熱湯や火を使って暴行を行うような事件は栃木リンチ事件や女子高生コンクリ事件のようにひどく身勝手で残虐な事件の場合が多いんだよね。
被害者を同じ人間とは思っていなかったのではないか?と思うぐらいに・・・
続報を待ちましょう。

2011/02/13追記
同居の男女3人が殺人容疑で逮捕された事件で、水戸地検は12日、龍ヶ崎市松葉、無職男性容疑者(23)を保護責任者遺棄致死の罪で水戸地裁に起訴した。

同居していた被害者の姉(22)と、派遣社員の女性(43)については、関与の度合いが薄いとみて処分保留のまま釈放した

起訴状によると、男性容疑者は、昨年10月14日頃から被害者の腕に手錠をかけて室内に拘束し、背中に熱湯をかけ、数日に1度しか食事を与えないなど虐待。自力で寝起きできなくなった被害者を放置し、今年1月3日頃、敗血症性ショックで死亡させたとしている。

この事件は、報道された文面だけ見ると、それほど残虐性を感じないかもしれないけど、ちょっと想像するとかなり残酷な事件なんですよね。
例えば、自力で寝起き出来ない被害者は自力ではお風呂にも入れなかっただろうし、トイレにもいけなかったでしょう。敗血症なんて血液の中で細菌が繁殖する状態なわけで、傷は化膿していただろうし。
そんな状態で死ぬまで放置されたなんて、20歳の女性がそんな悲惨な最期を迎える理由はどこにもないだろう。

人生は理不尽な事も多いけど、被害者がこんな最期を迎えなければならない理由はどこにも無かった。
被害者は姉を心配して同居しただけだった。その愛情が逆に被害者を死へ向かわせる事になるとは、人生は皮肉な物です。

最後に言いたい事は
「男女交際の交際相手は慎重に選んで欲しい、その判断の結果、あなた自身だけでなく、家族も不幸になる可能性があるからね」

亡くなった女性のご冥福を祈ります。

|

« 神奈川県大和市3歳女児虐待事件 | トップページ | 山口県宇部市女児切りつけ事件 »

コメント

保護責任者遺棄致死罪に問われた無職、男性被告(24)の裁判員裁判の判決公判が9日、水戸地裁で開かれた。
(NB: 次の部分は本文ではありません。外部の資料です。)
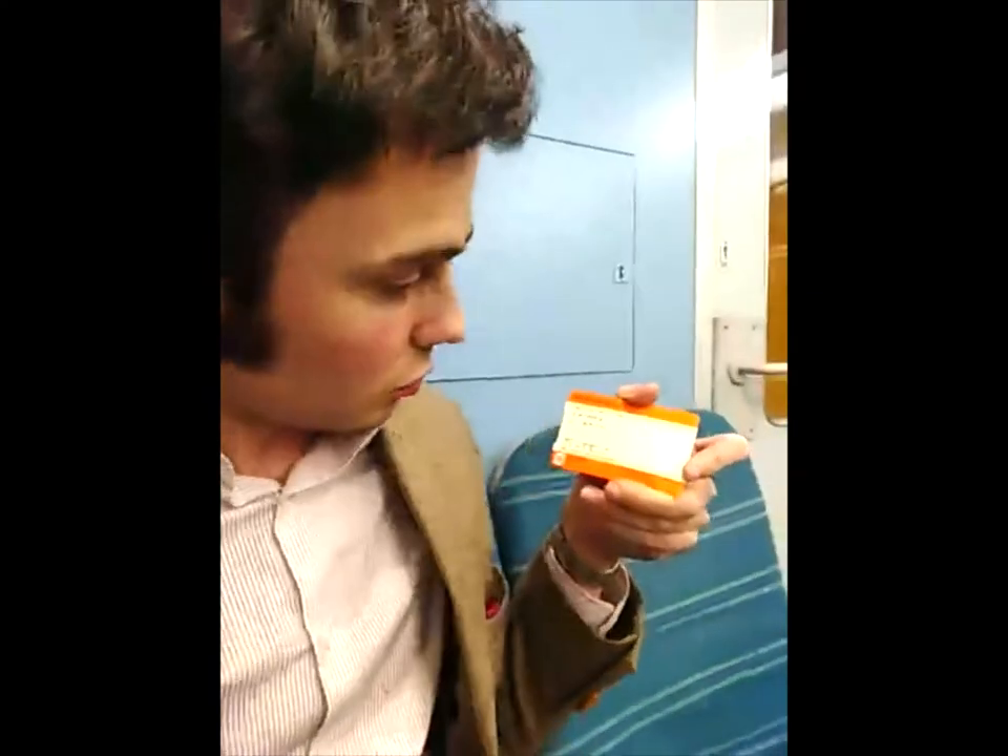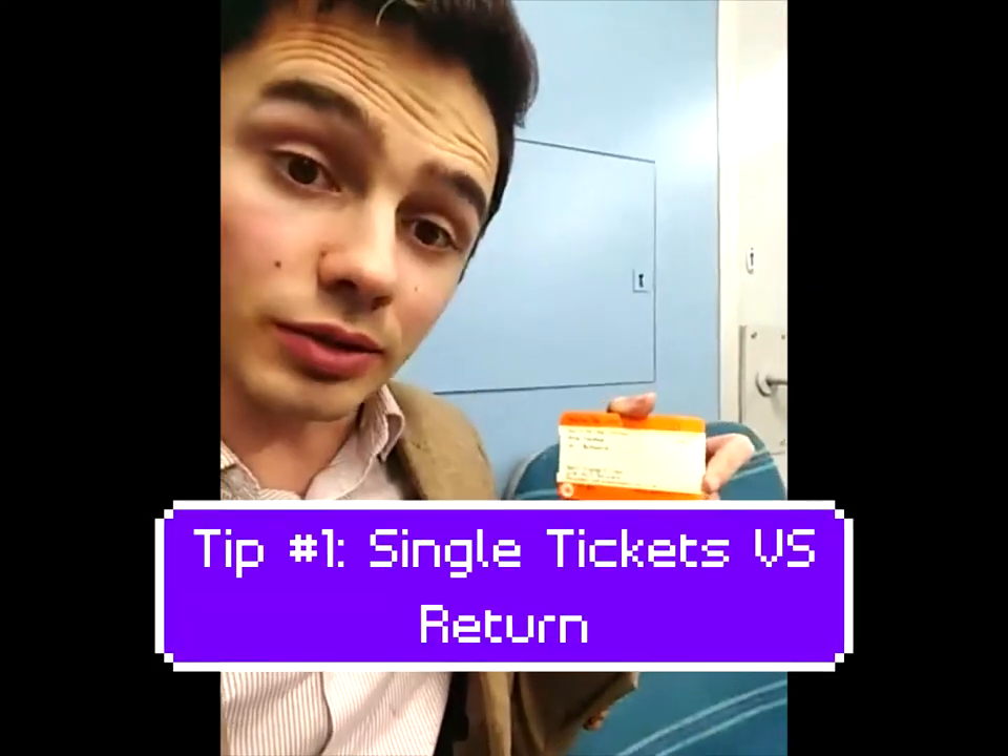Hello and welcome to the very first of my top travel tips for trains. I'm here to talk to you, once I get them out of my little rail card wallet, about single tickets.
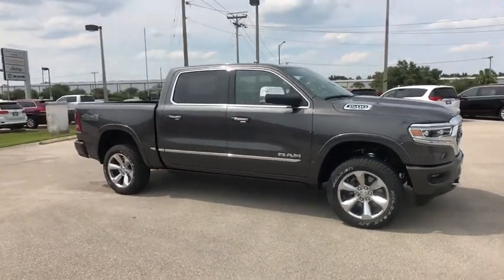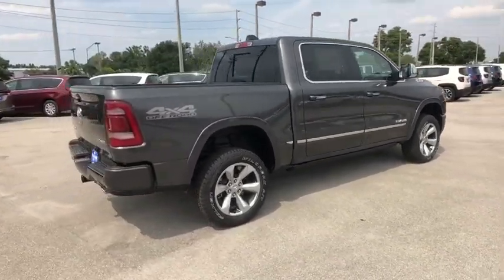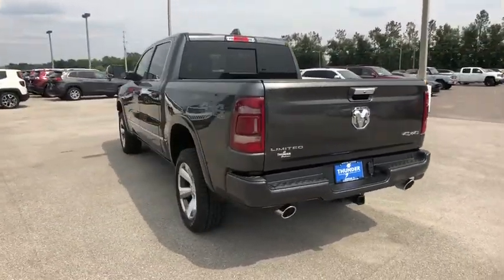2019 Ram 1500. The Ram 1500 went against the Chevrolet Silverado, Ford F-150, and Toyota Tundra, which are all excellent trucks in their own right. The Ram took home the prize for its well-rounded strengths.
裁判長は「幼稚で身勝手な動機で虐待を行い、発覚を恐れて病院に連れて行かなかった」と述べ、被告に懲役8年(求刑・懲役10年)を言い渡したとの事。

判決によると、男性被告は平成22年10月中旬から、手錠をかけるなどして外出できないようにした被害者に対し、熱湯をかけたり模造刀で突いたりして継続的に虐待。被害者は敗血症になったが、治療を受けさせることなく放置し、昨年1月に死亡させたとの事。

茨城県警は殺人容疑で男性被告と被害者の姉(23)、女性(44)の3人を逮捕したが、水戸地検は男性被告を保護責任者遺棄致死罪で起訴し、姉ら2人は起訴猶予処分とした。

虐待の果てに治療も受けさせず死ぬまで放置した罪が懲役8年とはちょっと軽すぎませんか?

これは死ぬまで苦しませたと言う事なんですよね。それがどれほどの期間だったのか分からないけど、被害者の生前の苦痛がたった8年で償えるとは思えません。

検察にはぜひ、控訴してほしいと思います。

投稿: ASKA | 2012/02/09 21:19

この出来事は私も衝撃的でした。
この事件の後、この姉妹の従姉妹と友達になりました。
友達になった後に聞かされましたが。
姉の方は昔から変わった子で親を大切にしない反抗的なオタクだったそうです。
妹は逆に家族思いでしっかりした子だったそう。
私の友達も姉のほうとはあまり仲良くなかったそうです。
ある日姉が出て行ってしまい連絡をとると
ネットで知り合った宗教男と住んでいると妹は聞きました。
妹は家族に姉を連れ戻してくると言い、姉のアパートに行ったそうです。そしてあの事件がおきました。
友達もまさか従姉妹がこんな事になるとは思わずショックだったそうです。
その後姉はケロッとした顔で実家でのうのうと暮らしているらしい。
妹がひどい苦しみの中亡くなったのに
本当に怖い話です。

投稿: 真相は | 2016/01/25 18:39

世の中いろんな人がいる事はわかってわいるのだけど、全く理解できない事件ですね。殺された妹さんが不憫過ぎます。母親もかなりおかしな人かと想像できます。加害者は人間ではない。刑が軽すぎる。
しかし、家族など周りのひとも変だ。死ぬまで放置するとは。

投稿: 空き地 | 2016/01/26 00:05

真相はさん、空き地さん、こんばんは

そうですか・・・
なんとも、皮肉な事件ですよね。
助けに行った、姉に見殺しにされてしまったわけですからね。
犯行を主導した主犯が犯行の発覚を恐れて、病院に連れていけなかったのは、わかるけど、一緒に生活していた女性二人は、このまま、被害者が死亡したら、自分も罪に問われるとは思わなかったのか?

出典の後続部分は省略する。